Mark’s quandary is over the fact that in other ways they are good tenants and pay their rent, so does he get arsey about it or just put it down to experience and do the repairs?. What to do?
I’m delighted to hear he is doing the latter. I know Mark personally and he is a pragmatic business-like guy. A typical portfolio landlord where nothing is taken personally.
As a TRO, 99% of the complaints made to me are about small amateur landlords who max themselves out and cant afford the mortgage on the usually buy to let property, if the tenant misses even 1 month’s rent. Disrepair issues also blow up because when the boiler explodes they don’t have any back-up cash to help them out.
I wish I could bottle Mark’s attitude and sell it to amateur landlords, my job would be a lot easier and the lives of those small amateur landlords would be a lot more stress free.

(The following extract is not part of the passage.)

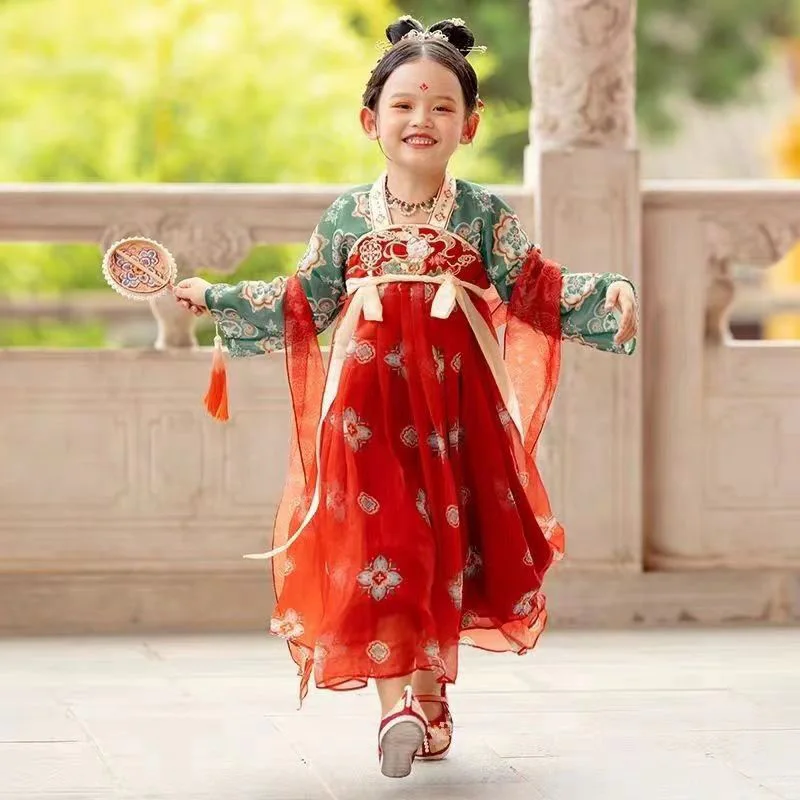 Chinese Hanfu New Retro Girls' Dress Imitation Tang Dynasty Children's Dress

Small landlords suffering most
On that very subject, 24 dash reported findings from a report conducted by BDRC Continental that small landlords suffer the most with arrears and void periods (times when the property doesn’t have tenants in it). BDRC’s Mark Long said:
“It is a tough time to be a private landlord if you have only one property in your portfolio”.
In one year 1 in 10 landlords have void periods averaging 69 days. That’s roughly 2 months with no rental income and if you don’t have cash reserves you are going to suffer.
We do need more private landlords to ease the housing crisis but too many maxed-out amateurs becomes counter productive and actually worsens the housing problem, creating more instability for tenants.
Maybe people new to renting should have to show they have £5,000 in reserve before they start. This would protect them and their tenants. Failing that, a pragmatic mindset like Mark’s would help. Like the ladies in the picture to the side.
Nuns on a shed
I took this from my office window last week of 2 tiny Philippino nuns from 2 doors down tarring the roof of a shed in their full regalia.
Aren’t they allowed to wear boiler suits whilst tarring? And why is the one on the left glowing?
Maybe I’ve misjudged the scene and they are doing up a shed to rent out for the Olympics.
Ben Reeve Lewis
Ben’s runs Home Saving Expert, where he shares his secrets on defending people’s homes from mortgage repossession Visit his blog and get some help and advice on mortgage difficulties, catch up with him on Twitter and check out his free report “An Encouraging note on Dealing with your Mortgage Lender” and have it sent right to your inbox.
Hi Ben
Thank you for the mention and your very kind words and also for the link back.
Regards
Mark
Victor Adebowale for Housing Minister instead of G**** S*****? That thread on Money Saving Eexpert was horrible to read. I think I said she should speak to her TRO. I once interviewed Transglobal Underground for The NME. Days later, I got a phone call: ‘Hello? I came in from the forest to speak to you – I am their human Queaka.’ The intrument that goes queak. Aaanyway: It is odd that many tenants do not not know that TRO’s exist.
I used to live in Sanford Housing Coop in Deptford, at the same time as Tim Whelan, the brains behind Transglobal. Topically enough, their tune Templehead was used in the Olympics back in the 90s, sponsored by Coca Cola. Tim made so much dosh out of that one tune he moved out of our left-wing hippy collective and bought a flat in Dolphin Square next door to Prince Charles. Nice guy though Tim.
I’m in 2 minds about the tenant/TRO relationship. On the one hand we should be the tenant’s friend but MarliePanda’s experience was not untypical in that when she contacted the TRO on my advice nothing happened.
Note to Shapps/Cameron etc If you are really committed to using exisiting legislation to take criminal landlrods off the board do 3 things for us:
Give us the staff and resources.
Instruct judges to take prosecutions seriously.
Tell the police that tenants have rights too.